Due to the addition of CuO and one or more of the oxides of Ti, Fe, Mn, Ni, Co, Sb, Bi and Cr to the frit or the slip, it is of course not possible to achieve white or bright colors in a single layer coating, because the resulting vitreous enamel looks at least dark-grey after firing. However, white or bright colors can be achieved by a multi-layer coating technique, as described in EP 0 556 456 A1. This two coat/one fire technique (often used for steel enameling) in combination with the present invention, can successfully enamel white or bright colors on aluminum surfaces. In an embodiment of the invention, the adherence promoting oxides, as described in the above embodiments, are incorporated into a ground enamel layer. On top of this layer, a second white or bright colored enamel layer is applied. Both layers are first dried and then fired together.

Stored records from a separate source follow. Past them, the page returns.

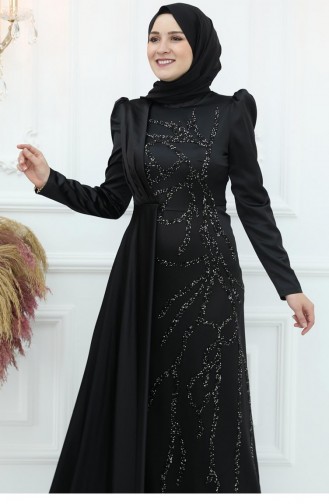 Amine Hüma Burçin Satin Evening Dress Black 3067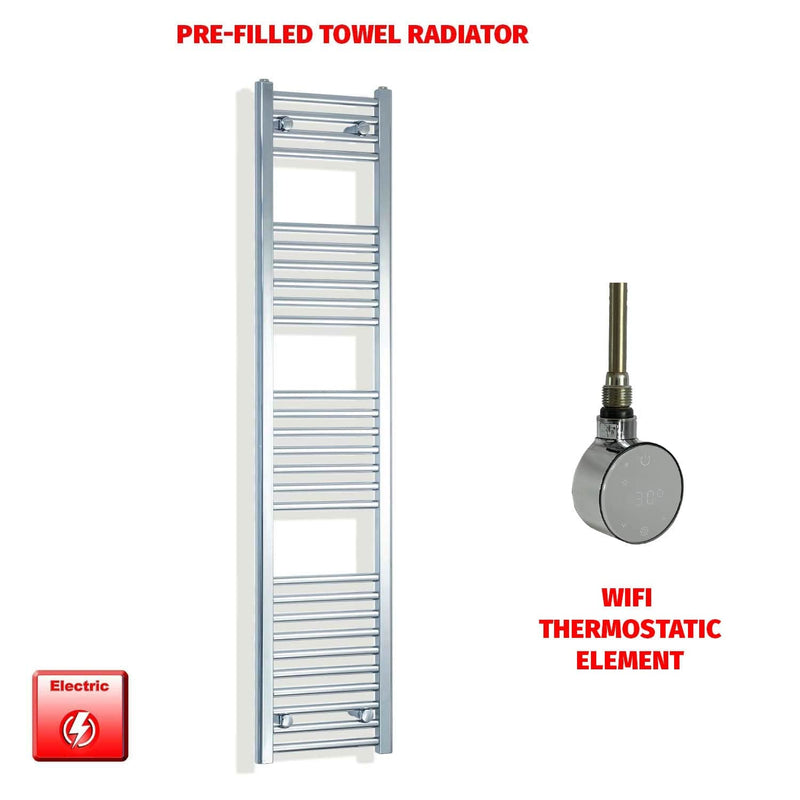 ER-Wifi Thermostatic 350 x 1600mm Flat Chrome Pre-Filled Electric Towel Radiator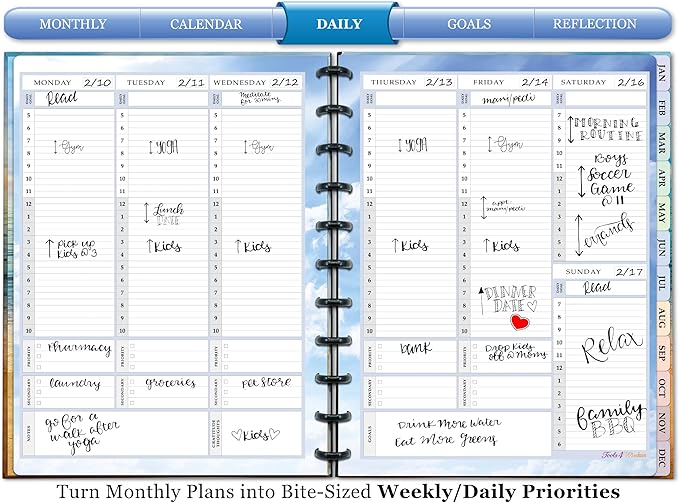 Tools4Wisdom Customizable Planner - 8.5x11 Inch Hardcover - Discbound Daily Weekly Monthly Disc Planner - Undated - 1DSC - Cherry Tree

Because conventional methods are limited to enameling low strength aluminum alloys due to the restriction of using low Mg and/or Cu contents, the method according to the present invention makes it possible to change to higher strength aluminum alloys with higher Mg and/or Cu contents. By doing this, one can obtain the same strength of a certain piece of ware with a thinner sheet thickness, which means reduction of weight, reduction of volume and reduction of price.
For producers of aluminum alloys themselves who do have problems obtaining Mg contents below the low limit of 50 PPM in order to obtain good adherence, using the method according to the present invention makes it possible to increase the tolerances for the maximum magnesium content. In that way, it will make the production easier to control, more safe and less expensive.